(BRIEF): All of the entries below should be copied exactly as they appear.

(Short web captions)
*** Begin section ***

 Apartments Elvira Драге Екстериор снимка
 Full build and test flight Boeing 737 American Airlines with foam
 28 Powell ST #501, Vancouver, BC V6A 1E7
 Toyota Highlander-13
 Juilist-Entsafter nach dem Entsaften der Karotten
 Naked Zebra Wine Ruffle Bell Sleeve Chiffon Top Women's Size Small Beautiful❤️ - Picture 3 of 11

*** End section ***

(EXPECTED OUTPUT):
 Apartments Elvira Драге Екстериор снимка
 Full build and test flight Boeing 737 American Airlines with foam
 28 Powell ST #501, Vancouver, BC V6A 1E7
 Toyota Highlander-13
 Juilist-Entsafter nach dem Entsaften der Karotten
 Naked Zebra Wine Ruffle Bell Sleeve Chiffon Top Women's Size Small Beautiful❤️ - Picture 3 of 11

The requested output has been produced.